Equipment that will forgive errors has never mattered much to professionals in
any sport; nobody reaches top-level play without consistency. Those who first
adopted the Prince racket were well-off, middle-aged, competitive but ordinary
players--like Head himself. In fact, if the larger sweet spot had been its only
benefit, bigger rackets might have suffered from a kind of prosthetic stigma in
the face of traditional macho designs. But oversize construction has another,
unexpected benefit that appeals to professionals. The new rackets--both the
Prince and later models made of fiberglass, boron, graphite, and Kevlar in
various combinations of materials--are both lighter and stiffer than traditional
models. They permit velocities up to 30 percent greater than the old designs.
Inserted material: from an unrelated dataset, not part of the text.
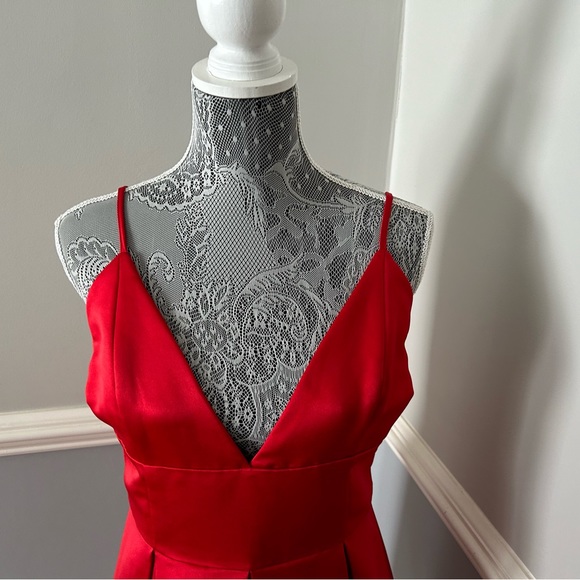 Misguided Red Deep Vneck Pleated Dress Size 12 - Picture 2 of 7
And this improvement in performance had serious consequences for the sport.
(The market for more forgiving equipment can be anything but gentle. A
slightly oversized, slower-moving tennis ball, the Wilson Rally, flopped among
its intended market of older and less skilled amateurs in the early 1980s. Its
weight conformed to regulations, but it felt heavier than standard balls when it
hit the strings. Wilson soon had to withdraw it.)
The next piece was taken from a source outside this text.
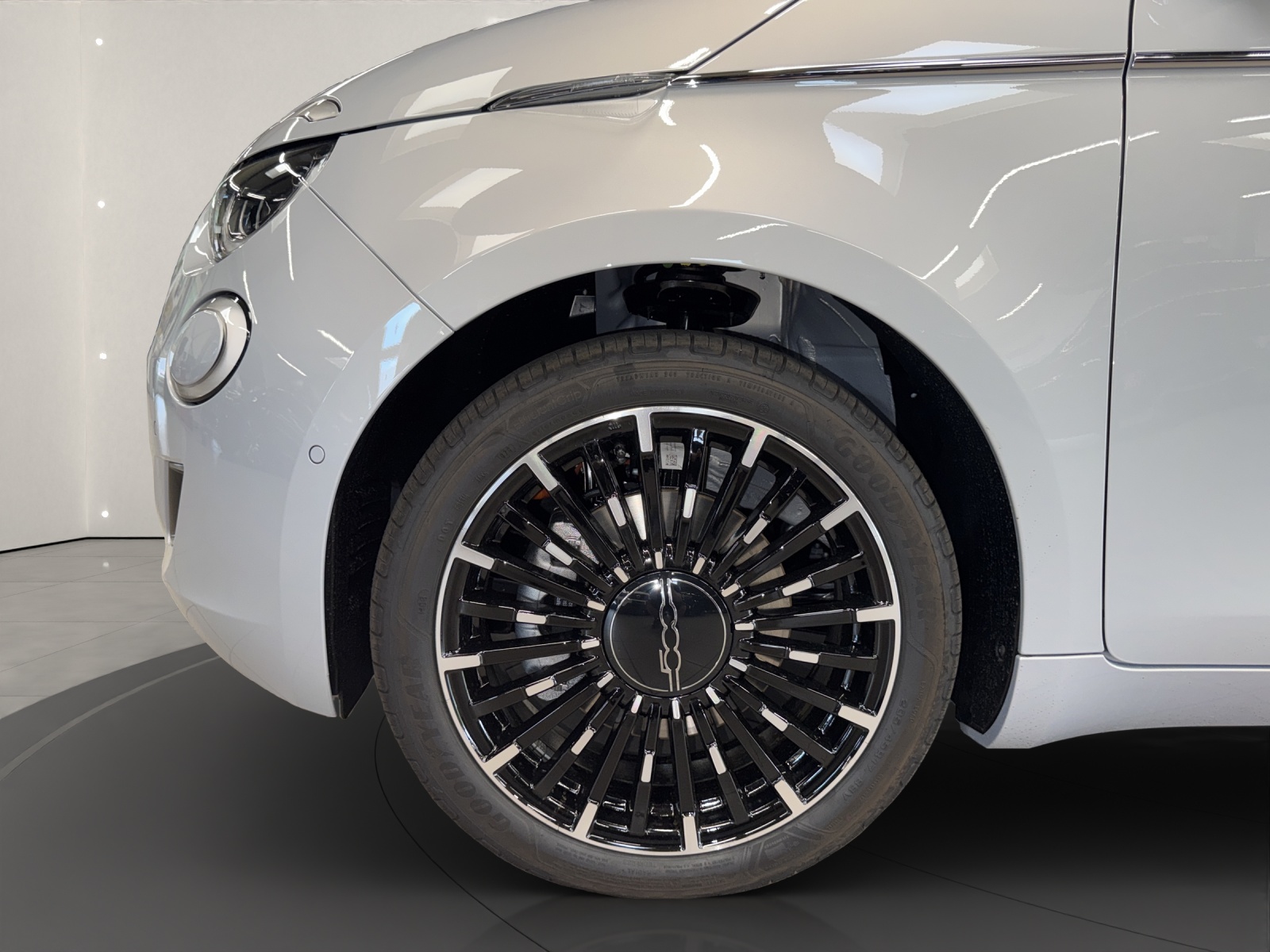 FIAT 500 La Prima-image-6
Within only five years of the Prince's introduction, larger rackets had taken
over tournament play. The move began with Pam Shriver and helped make
women's tennis one of the few female sports that could compete in media
attention and cash with their male counterparts. But the effect on the men's
game was much more complex. For individual stars, there was no alternative.
Some leading male professionals were determined to show that they could win
tournaments with wood-but they failed. John McEnroe was the last to use a
wooden racket at Wimbledon in 1982; when Bjorn Borg tried one at the Monte
Carlo Open in 1991, he lost twelve of seventeen games to a Spanish player
ranked fifty-second but playing with a graphite fiber model. By the early
1990s, wooden rackets had become a niche product, available mainly from a
single manufacturer in Cambridge, England.23
Tennis and the Revenge of Technological Revolution
The triumph of metal and composite rackets, combined with the entry of
stronger and better-conditioned young players, transformed the men's
professional game. By the 1990s the sometimes monotonous serve-and-volley
game was a thing of the past, with only a few of its specialists left on the tour.
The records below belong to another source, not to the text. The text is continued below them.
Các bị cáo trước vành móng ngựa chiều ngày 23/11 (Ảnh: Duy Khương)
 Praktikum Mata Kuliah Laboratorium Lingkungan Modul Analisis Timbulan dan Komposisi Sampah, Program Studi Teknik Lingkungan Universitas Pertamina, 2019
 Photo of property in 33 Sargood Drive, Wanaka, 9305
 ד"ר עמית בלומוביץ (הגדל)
On the other hand, the new rackets multiplied the advantage of a powerful
serve, especially on a fast surface like grass. Serves clocked at over 100 miles
an hour became routine, and a number of top players have even been able to
surpass 120 miles an hour. These results are all the more impressive because
most top professionals are not yet using the most radical designs, exceptionally
stiff wide-bodied rackets that they feel don't allow enough topspin. A growing
number of serves are aces that no player could return, and more and more
games have become serving contests. In the 1994 men's Wimbledon
tournament, Pete Sampras defeated Goran Ivanisevic with a magnificent
display of technique, but his 125-mile-per-hour serves bored many fans. The
longest rally was just eight strokes, and the correspondent for the Guardian,
David Irvine, appealed for action 'to save the grass-court game from self
destructing.' As of the mid-1990s, every proposed solution to the revenge
effects of larger rackets in men's professional play appears to have unintended
consequences. Higher nets or less lively balls in tournament play would affect
not only the service but all other shots. Different court dimensions for
professionals and amateurs would confuse training and make thousands of
courts unusable at least part of the time. Requiring players to have both feet on
the ground while serving would rob professionals of the benefits of countless
hours of practice-possibly giving an advantage to some competitors better
adapted physically to the new rules. New restrictions on rackets would not only
raise questions about the usability of older models but invite U.S. antitrust
action by manufacturers who might consider themselves penalized. And
converting Wimbledon from grass to clay might affront tennis traditionalists
more than any new racket design ever could.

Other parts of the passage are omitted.